How to Become a Concert Violin Soloist

Concert violinist soloists begin their careers in conservatories and orchestras, where they gain the experience necessary to interpret music and garner a reputation for themselves. Becoming a soloist requires a strong commitment, the perseverance to audition for performing opportunities and the ability to persist through harsh criticism and failed audition attempts. Once you have studied and developed the skill to play the violin at a high level, you will then need to go out and find other performers to work with and build your reputation as a violinist.

Step 1

Talk with your private instructor about your goals to be a concert violinist and ask for opportunities that will put you in the spotlight to gain experience early on. Play as often as possible, even if it is for free. The more people see you, the more likely you will be asked to fill in at a local orchestra or concert hall.

Step 2

Advertise your playing services at local universities, churches, community centers, grocery stores and hotels. Inform people that you are willing to play for parties and celebrations. State on your flyers that you are willing to perform and record commissions for composers.

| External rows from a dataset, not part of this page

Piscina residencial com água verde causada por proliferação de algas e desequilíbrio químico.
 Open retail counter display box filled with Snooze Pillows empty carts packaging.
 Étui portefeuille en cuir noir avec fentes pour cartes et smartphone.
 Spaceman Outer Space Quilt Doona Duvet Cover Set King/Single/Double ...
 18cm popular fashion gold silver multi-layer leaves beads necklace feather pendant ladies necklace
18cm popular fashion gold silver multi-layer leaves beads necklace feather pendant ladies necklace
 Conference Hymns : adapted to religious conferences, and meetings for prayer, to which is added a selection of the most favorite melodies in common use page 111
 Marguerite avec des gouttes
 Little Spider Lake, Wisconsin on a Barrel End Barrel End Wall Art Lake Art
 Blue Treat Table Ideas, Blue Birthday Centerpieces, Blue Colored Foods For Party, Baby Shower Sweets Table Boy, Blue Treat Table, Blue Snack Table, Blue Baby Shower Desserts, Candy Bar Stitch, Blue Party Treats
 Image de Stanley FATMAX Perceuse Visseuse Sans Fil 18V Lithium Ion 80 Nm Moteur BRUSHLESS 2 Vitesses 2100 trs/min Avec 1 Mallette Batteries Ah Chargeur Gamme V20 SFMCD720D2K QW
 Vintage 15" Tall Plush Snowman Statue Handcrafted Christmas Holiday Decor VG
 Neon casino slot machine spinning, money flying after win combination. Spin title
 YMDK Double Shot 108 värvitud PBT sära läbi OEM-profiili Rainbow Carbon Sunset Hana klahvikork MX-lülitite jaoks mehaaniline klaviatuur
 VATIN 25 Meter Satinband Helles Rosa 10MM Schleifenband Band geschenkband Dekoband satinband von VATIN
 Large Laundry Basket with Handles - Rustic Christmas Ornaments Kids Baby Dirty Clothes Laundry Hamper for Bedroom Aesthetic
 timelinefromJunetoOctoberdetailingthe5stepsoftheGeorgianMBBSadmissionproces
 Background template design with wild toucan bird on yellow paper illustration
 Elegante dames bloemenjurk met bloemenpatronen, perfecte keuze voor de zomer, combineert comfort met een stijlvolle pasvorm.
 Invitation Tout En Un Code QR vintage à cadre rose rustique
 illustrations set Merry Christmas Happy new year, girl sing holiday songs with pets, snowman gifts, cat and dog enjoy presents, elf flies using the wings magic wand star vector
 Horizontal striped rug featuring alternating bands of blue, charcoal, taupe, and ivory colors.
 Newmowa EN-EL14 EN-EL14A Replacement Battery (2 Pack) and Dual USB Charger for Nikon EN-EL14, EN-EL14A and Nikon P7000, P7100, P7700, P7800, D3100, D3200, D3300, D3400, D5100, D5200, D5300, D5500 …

Composers are always in need of new performers who are willing to record and perform original works for reasonable pay.

Step 3

Apply for internships with orchestras, conservatories and music festivals. Most of the music festivals are offered over the summer, so prepare your audition music ahead of time. If you can't obtain an internship, attend a music summer camp, such as Interlochen Summer Arts Camp. These camps provide you with valuable experiences and make it possible for you to perform and network with professionals in the field.

Step 4

Join professional organizations such as American String Teachers Association. Organizations will make it possible for you to enter contests, find support, engage in discussions at conventions and network with performers, conductors and composers.

Step 5

Audition for orchestras to help support your solo and ensemble career. As you make a name for yourself in an orchestra, you will begin to make connections and find new opportunities to perform as a concert violinist.